Cell lysates were incubated with HNK-Sepharose 4B (or Sepharose 4B only as a control) beads (50 μl, 50% slurry) in reaction buffer (50 mM Tris, pH 7.5, 5 mM EDTA, 150 mM NaCl, 1 mM dithiothreitol, 0.01% Nonidet P-40, 2 μg/ml bovine serum albumin, 0.02 mM phenylmethylsulfonyl fluoride and 1X protease inhibitor cocktail). After incubation with gentle rocking overnight at 4°C, the beads were washed five times with a buffer solution (50 mM Tris, pH 7.5, 5 mM EDTA, 150 mM NaCl, 1 mM dithiothreitol, 0.01% Nonidet P-40 and 0.02 mM phenylmethylsulfonyl fluoride) and proteins bound to the beads were analyzed by western blotting using the anti-Sp1 antibody.

Luciferase assay

MSTO-211H cells were grown to 50–80% confluence on a 60-mm cell dish and were transfected with Lipofectamine (Invitrogen) with 1 μg each of cyclin D1-luc, Mcl-1-luc and survivin-luc and 0.5 μg of pCMV/β-gal plasmids. The luciferase reporter assay kit from Promega was used following the manufacturer’s protocol. Luciferase activity was measured with the Lumat LB 9507 luminometer (EG&G Berthold). The values shown represent an average of three experiments for each sample.

Statistical analysis

The statistical significance of differences was assessed using the Student’s t-test. A P-value <0.05 relative to the control was considered to indicate a statistically significant result.

Results

Growth inhibitory effect of HNK on a human mesothelioma cell line

We investigated the effects of HNK on a human mesothelioma cell line. The structure of HNK is shown in Fig. 1A. To ascertain the efficiency of HNK as an anticancer drug, the effects of HNK were tested using an MTS assay using MSTO-211H cells. As shown in Fig. 1B, the efficiency of HNK in altering the cell viability of MSTO-211H cells was assayed after 24 and 48 h of incubation in HNK-containing medium at different concentrations (2, 4 or 6 μg/ml). The viability curves revealed that HNK reduced MSTO-211H cell viability at 24 and 48 h, in a concentration-dependent manner (P<0.05). In particular, a maximum reduction in cell viability was observed at 48 h. Apoptosis-induced changes in the cell morphology in the HNK-containing medium were observed. After 48 h, the apoptotic phenotype showed cell rounding, cytoplasmic blebbing and irregularities in shape, indicating a sharp increase in the apoptosis of HNK-treated MSTO-211H cells in a concentration-dependent manner (Fig. 1C).

HNK induces cell cycle arrest at the G1 phase and apoptosis in a human mesothelioma cell line

Cancer cell growth can be suppressed by cell cycle arrest or apoptosis induction or both (8). Morphological changes induced by HNK were examined following treatment of MSTO-211H cells with HNK at a concentration of 2, 4 and 6 μg/ml for 48 h. In the DAPI staining analysis, MSTO-211H cells were observed via fluorescence microscopy following exposure to DAPI, which specifically stains nuclei. The results indicated the presence of nuclear condensation and perinuclear apoptotic bodies in the MSTO-211H cells following HNK treatment at concentrations of 4 and 6 μg/ml for 48 h (Fig. 2A). The percentage of apoptosis was determined to be 6±1.6, 26±11.3 and 20±20.3% at concentrations of 2, 4 and 6 ng/ml HNK compared with the untreated control cells.

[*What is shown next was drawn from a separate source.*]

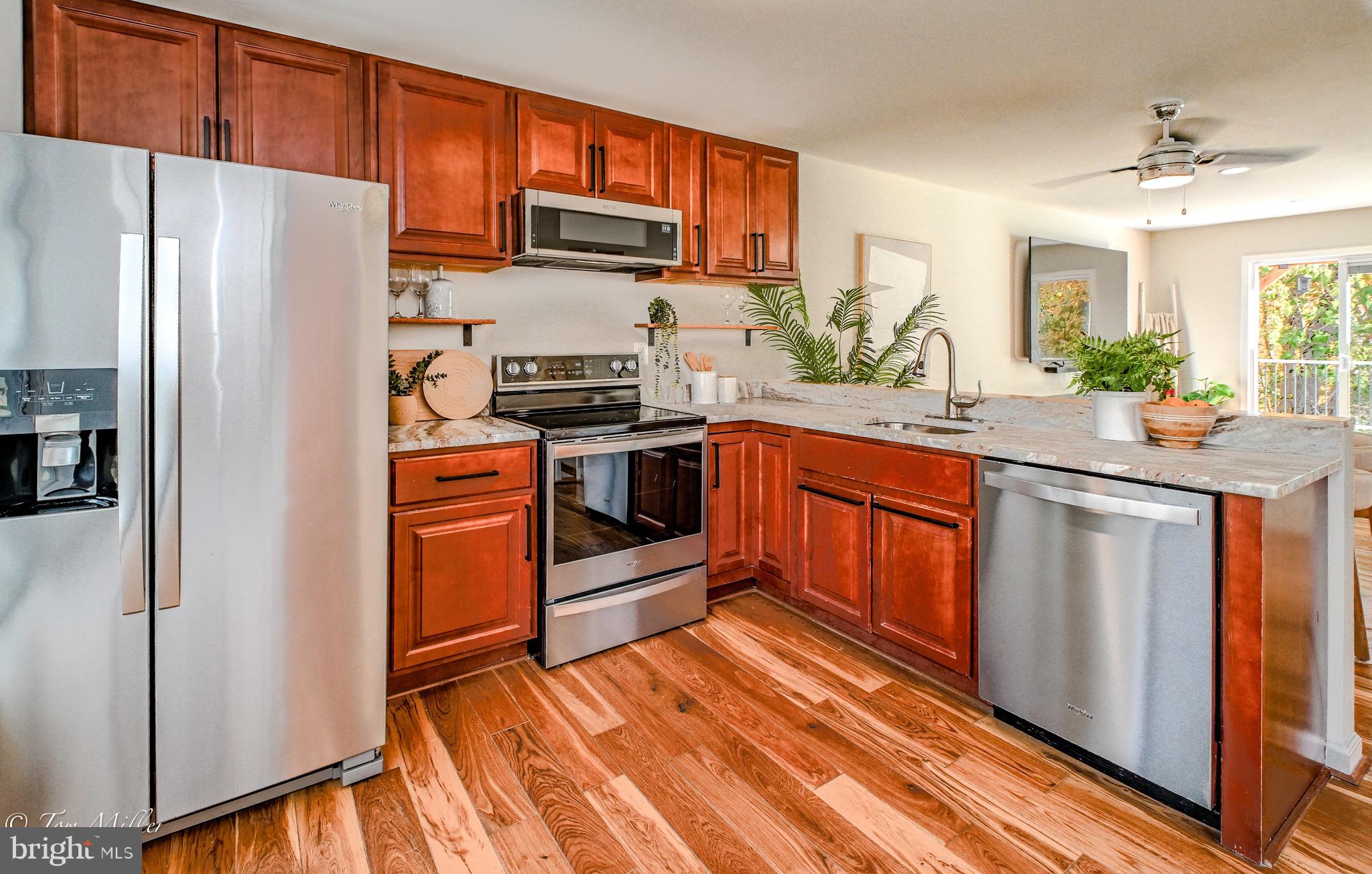 9544 Gunhill Circle Nottingham, MD 21236 - Photo 7 of 56 a kitchen with stainless steel appliances a stove a sink and a refrigerator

For the determination of whether the HNK-mediated growth inhibition of MSTO-211H cells was attributable to cell cycle arrest, cell cycle distribution was analyzed by FACS analysis. As shown in Fig. 2B, a significant increase in the number of sub-G1 cells was noted when compared with the control (5.3±1.9, 7.2±3.5 and 34.7±4.6% in the presence of 2, 4 and 6 μg/ml HNK, respectively, in MSTO-211H cells). The histogram in Fig. 2C shows the quantification of FACS data.

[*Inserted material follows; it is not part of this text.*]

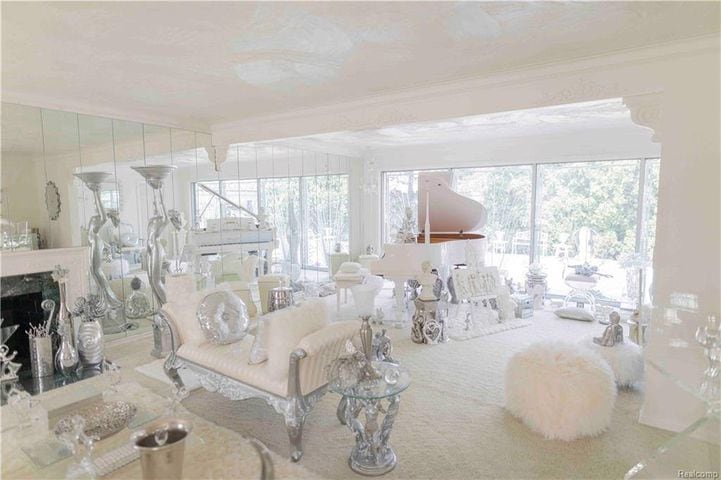 Photos: Inside $550K Lion Gate Estate, whimsical home with carpeted ceilings, vintage cars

HNK suppresses Sp 1 expression in a human mesothelioma cell line

The potential interaction between HNK and apoptosis-related proteins was examined since HNK has been found to have marked effects on apoptosis and cell cycle arrest in various cancer cell lines. Therefore, an in vitro pull-down assay was performed using HNK-conjugated Sepharose 4B beads. Sp1 was found to bind to HNK-conjugated Sepharose beads but not to Sepharose beads alone (Fig. 3A), providing support for the direct interaction between HNK and Sp1 and suggesting that Sp1 may be a possible target of HNK in human MSTO-211H cells. The effects of HNK treatment on the levels of Sp1 were examined by western blotting. As shown in Fig. 3B, HNK treatment led to a sharp decrease in the level of Sp1 in MSTO-211H cells at 48 h after treatment.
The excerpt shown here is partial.